Unfortunately, independent financial advisers (IFAs) can't agree on whether investors should stay put or switch. IFA Hargreaves Lansdown favours sticking, as Mr Harrison is "exceedingly capable". But IFA Chelsea Financial Services is no longer recommending the Income and Monthly Income funds to new investors, while its advice to existing investors is to hold on and wait and see.
It is easy to see why CSAM is keen to downplay Mr Mott's decision because, in 14 years of managing the income funds, he has built up an enviable reputation for making money. This has, in turn, attracted new money, resulting in just over £1bn in funds under management.
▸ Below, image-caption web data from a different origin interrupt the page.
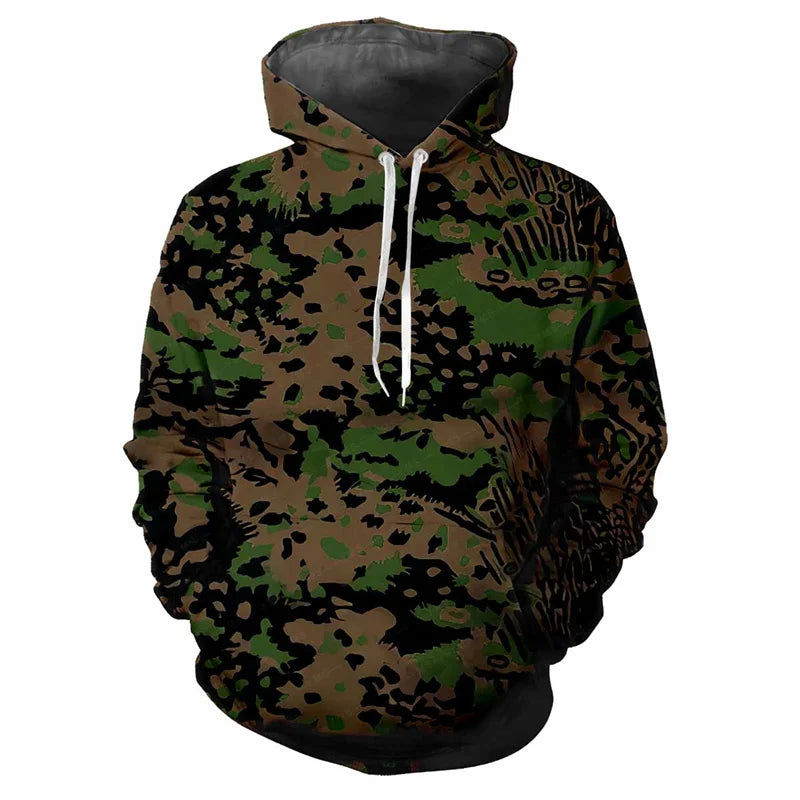 Hoodie met capuchon, camouflagepatroon, kangoeroezak, unisex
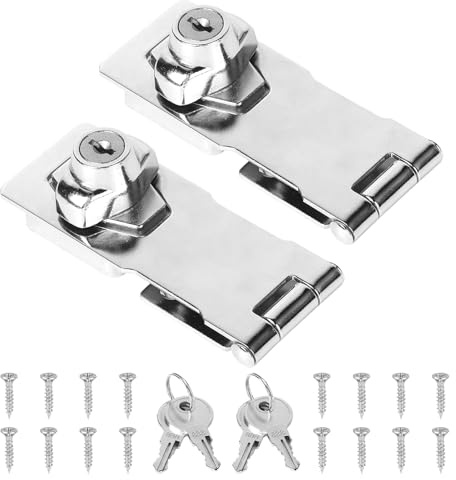 EXLECO 2X Chiavistello Armadietto con Serratura Chiavistello Chiusura Hasp Inox Chiavistello con Lucchetto Catenaccio Porte Lucchetto con Chiusura Trappola con Serratura per Armadio Cassetto Silber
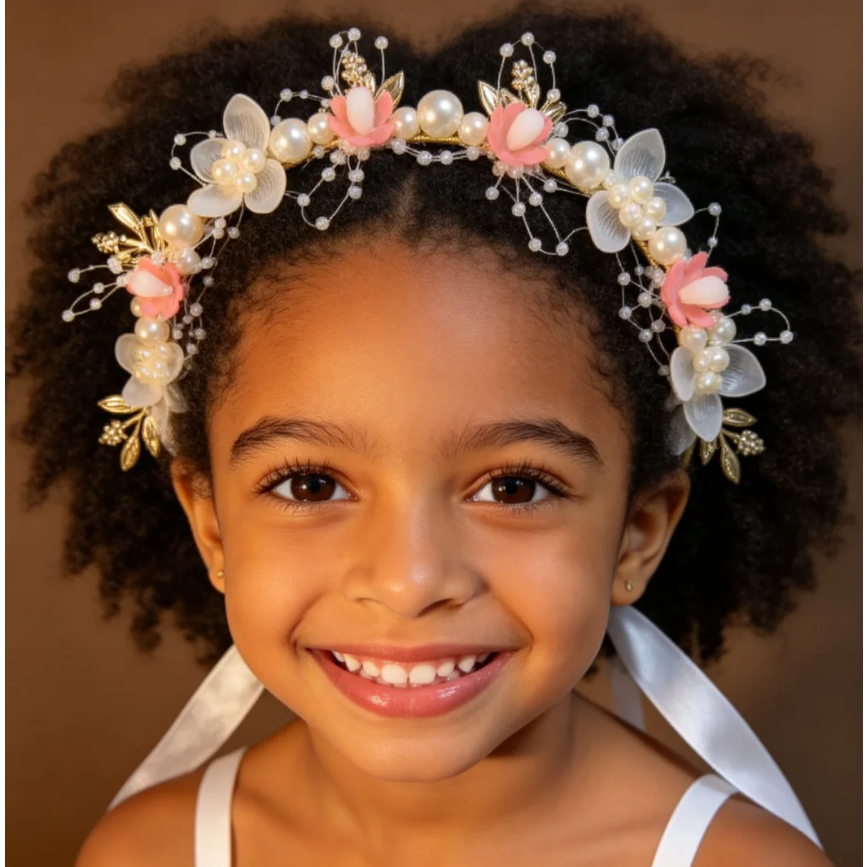 Tiara Daminha de Honra infantil Coroa de Flores Enfeite Arranjo Cabelo Batizado Formatura Rosa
However, switching funds on a regular basis in order to follow your manager to a new investment house is both costly and very time-consuming, as managers are not known for sticking around. Since the start of April, 14 have switched funds, according to IFA Bestinvest. In October last year, research from CSAM revealed that two-thirds of all funds have had changes at the helm since 1999.
Take fund manager Tim Russell. If you had invested in his Lazard Income fund in spring 1998 and decided to stick with him, you would have racked up charges for switching - as much as 5.25 per cent each time - over the past four years to follow him to HSBC and later Cazenove.
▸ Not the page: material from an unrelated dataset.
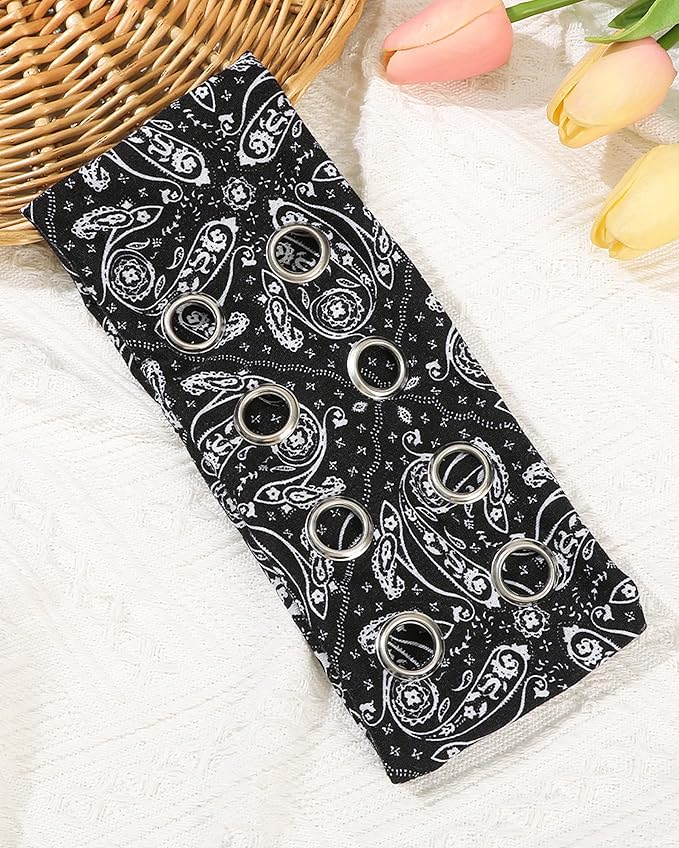 Grommet Headband for Women, Black Paisley 23cm Hollow Out Elastic Hair Band, Eyelets Punk Grunge Stylish Hairband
However, many in the industry believe that gifted managers deserve their loyal following. Nick Greenwood, head of investment at portfolio manager Iimia, says: "Good funds are very often controlled by one person. There are very few individuals who are very effective."
Alan Adam, a consultant at IFA Alan Steel Asset Management, agrees: "We have always been big believers in star managers' value. They can make a fund."
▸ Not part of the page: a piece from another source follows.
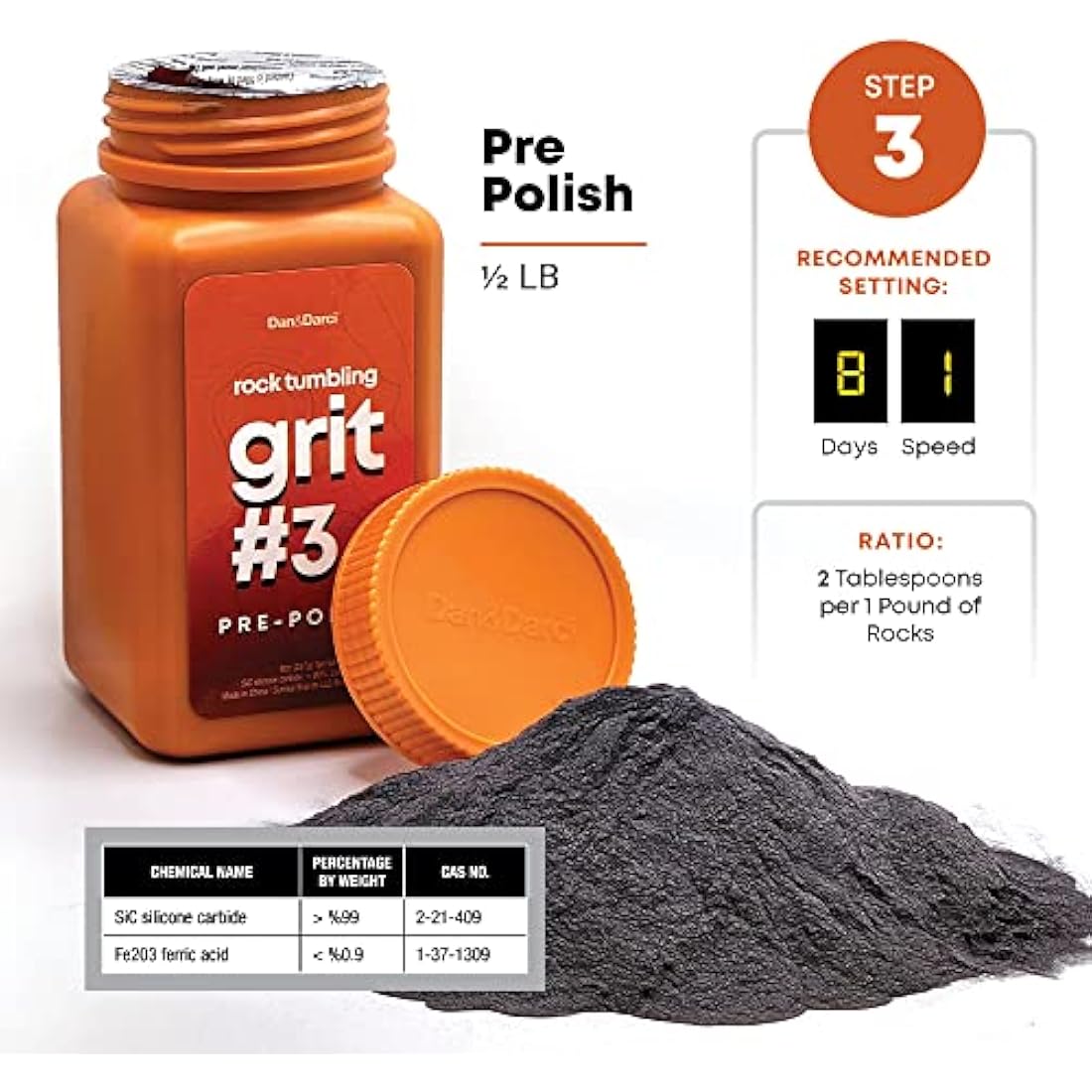 Dan&Darci Rock Tumbler Grit Refill Kit | 3.5lb 4-Step Media & Pellets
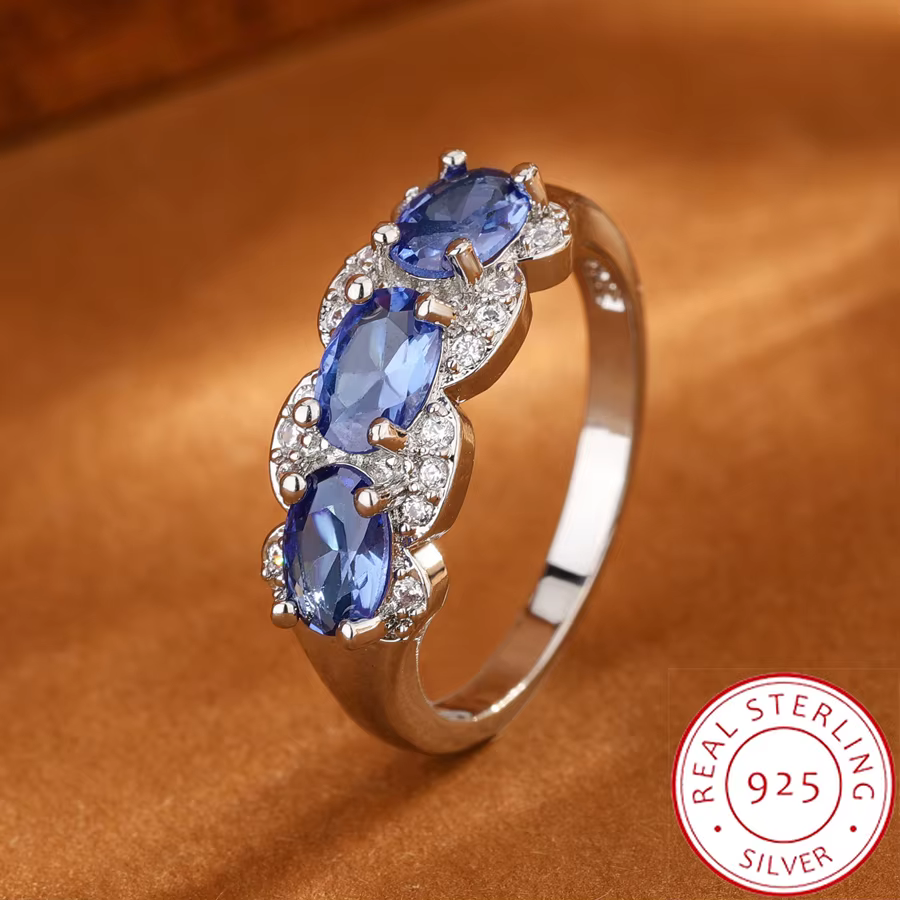 Bague CZ bleue exquise pour femme |   Argent sterling 925 premium |   Bague de mariage cadeau de bij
He believes the team approach, where a number of managers work together on decisions, shows a lack of confidence in individual skills and a fear that money will leave with any departing manager.
The cult of the star manager has focused the spotlight on past performance figures - and particularly the high returns that may be attributable to one person's stock-picking expertise. In these situations, investors should beware: they may be looking at a "ghost performance" achieved by long-departed managers.
"You need to know where performance has come from," warns Meera Patel, senior analyst at IFA Hargreaves Lansdown, who adds that even stars aren't immune to misfortune: "You have to expect that, from time to time, every manager has periods of underperformance, and certain times you will get caught up in stocks that don't perform."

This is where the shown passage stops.